Bebê a caminho: exames do olhinho, coração, orelhinha e pezinho devem ser feitos ao nascer

Testes podem ser feitos em maternidade, posto de saúde ou laboratório. Porém, eles não definem diagnóstico, apenas levantam suspeitas

Celina Aquino

Evaldo e Flávia Portela, como filho, Caio, de duas semanas de vida, ficaram atentos aos testes ainda no hospital
Não dá para perder tempo. Muitas doenças precisam ser detectadas logo nos primeiros dias de vida para que não prejudiquem o desenvolvimento da criança.

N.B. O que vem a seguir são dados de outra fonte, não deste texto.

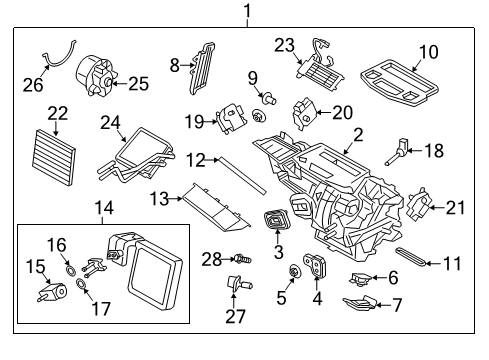 2014 Ford Fiesta A/C Evaporator & Heater Components Diagram 2 - Thumbnail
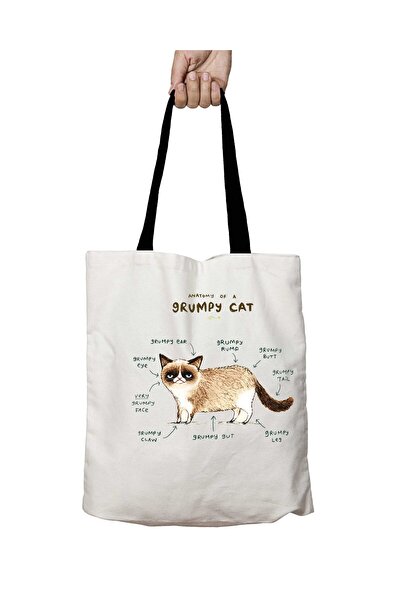 ART HEDİYE Grumpy Cat Cat Anatomy Washable School Shoulder Bag with Black Han...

Por isso, os pais precisam ficar atentos a quatro exames básicos neonatais, na maioria das vezes realizados na maternidade: os testes do olhinho, do coraçãozinho, da orelhinha e do pezinho. “Os exames são importantes porque muitas doenças só vão apresentar sinais com alguns meses de vida, ou seja, elas passam silenciosas e você pode perder tempo precioso sem tratar os recém-nascidos”, explica o pediatra neonatologista Cláudio Drummond Pacheco, do Hospital Mater Dei, em Belo Horizonte. Nenhum dos testes, porém, define um diagnóstico. Eles são considerados de triagem, pois apenas levantam uma suspeita que deverá ser confirmada por exames complementares e avaliação de especialista.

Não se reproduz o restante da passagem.